Release 2.0.0 Plan - Specimen Provenance Architecture¶
Executive Summary¶
Version 2.0.0 introduces specimen-centric provenance tracking, a fundamental architectural improvement that: - Preserves specimen identity through image transformations - Enables deterministic deduplication at (image, extraction_params) level - Aggregates multiple extraction attempts per specimen - Provides full audit trail from camera files to published Darwin Core records - Automatically detects data quality violations
Status: Ready for release Target Date: 2025-10-22 Migration Impact: Non-breaking (backward compatible with opt-in migration)
Version Decision: 2.0.0¶
Why 2.0.0 (not 1.2.0)? - Fundamental architectural change (image-centric → specimen-centric) - New database schema (specimen_index.db) - Changed extraction workflow semantics - Sets foundation for production-scale operations
Backward Compatibility: - ✅ Existing extraction runs remain valid - ✅ Old workflow continues to work without migration - ✅ New features opt-in via migration script - ✅ No breaking changes to CLI interface
Release Checklist¶
1. Pre-Release Validation¶
- Specimen provenance architecture implemented
- Migration script tested on real data
- Documentation complete
- Monitor TUI fixes committed
- Quart migration complete
- Docker support added
- Run full test suite
- Verify all examples work
- Check documentation links
- Review security considerations
2. Version Updates¶
- Bump version:
1.1.1→2.0.0inpyproject.toml - Update version links in CHANGELOG.md
- Update README.md with v2.0 features
- Create migration guide
3. Release Artifacts¶
- Update CHANGELOG.md with v2.0.0 entry
- Create GitHub release with notes
- Tag release:
git tag v2.0.0 - Build and test package:
uv build - Create published data bundle
4. Documentation¶
- Update README with migration instructions
- Create v2.0 announcement
- Update quickstart guide
- Document breaking changes (if any)
Migration Strategy: Three-Phase Approach¶
Phase 1: Preserve History (Immediate)¶
Goal: Ensure zero data loss during transition
Actions: 1. Archive current state:
# Create timestamped backup
mkdir -p archives/pre_v2_migration_$(date +%Y%m%d)

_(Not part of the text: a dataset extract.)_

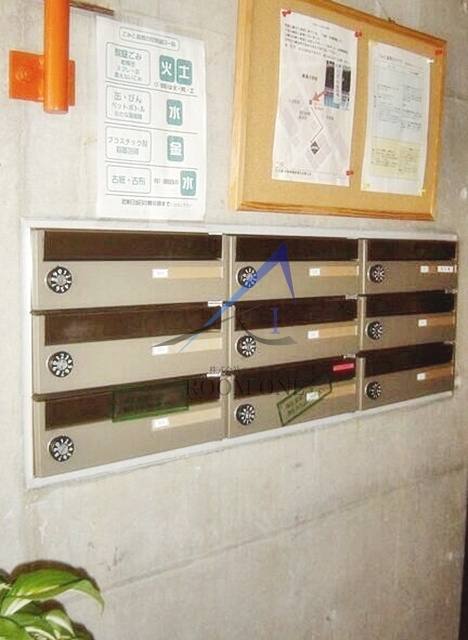 ＭＯＲＡのその他共用部分|集合ポストです。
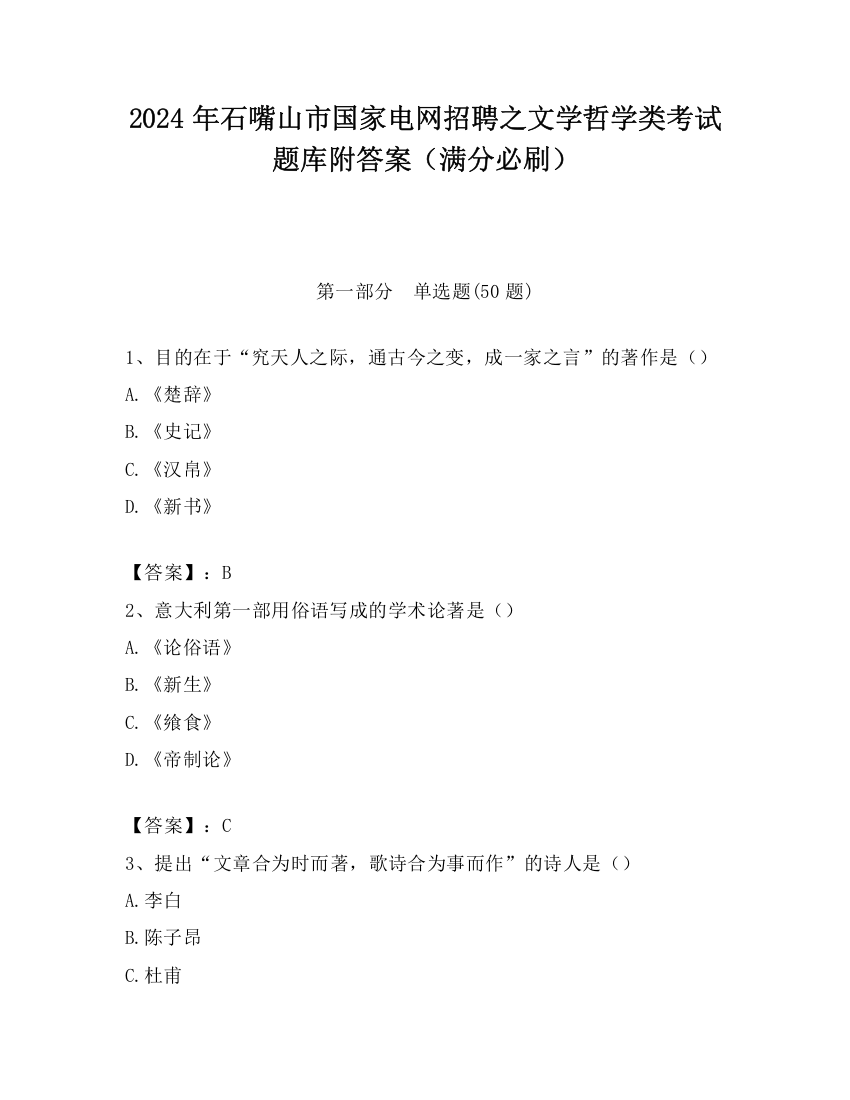 2024年石嘴山市国家电网招聘之文学哲学类考试题库附答案（满分必刷）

# Archive all extraction runs
cp -r full_dataset_processing/* archives/pre_v2_migration_$(date +%Y%m%d)/
# Archive published data
cp -r full_dataset_processing/published archives/pre_v2_migration_$(date +%Y%m%d)/
-
Create migration manifest:
-
Validate preservation:
Phase 2: Populate Specimen Index (Safe Migration)¶
Goal: Build specimen index without modifying original data
Actions: 1. Initialize specimen index:
# Create empty specimen index
uv run python -c "from src.provenance.specimen_index import SpecimenIndex; SpecimenIndex('specimen_index.db')"
-
Migrate extraction runs:
-
Generate migration report:
Validation: - [ ] All specimens from historical runs present in index - [ ] Duplicate extractions correctly identified - [ ] Data quality flags generated for known issues - [ ] No data loss (original raw.jsonl files unchanged)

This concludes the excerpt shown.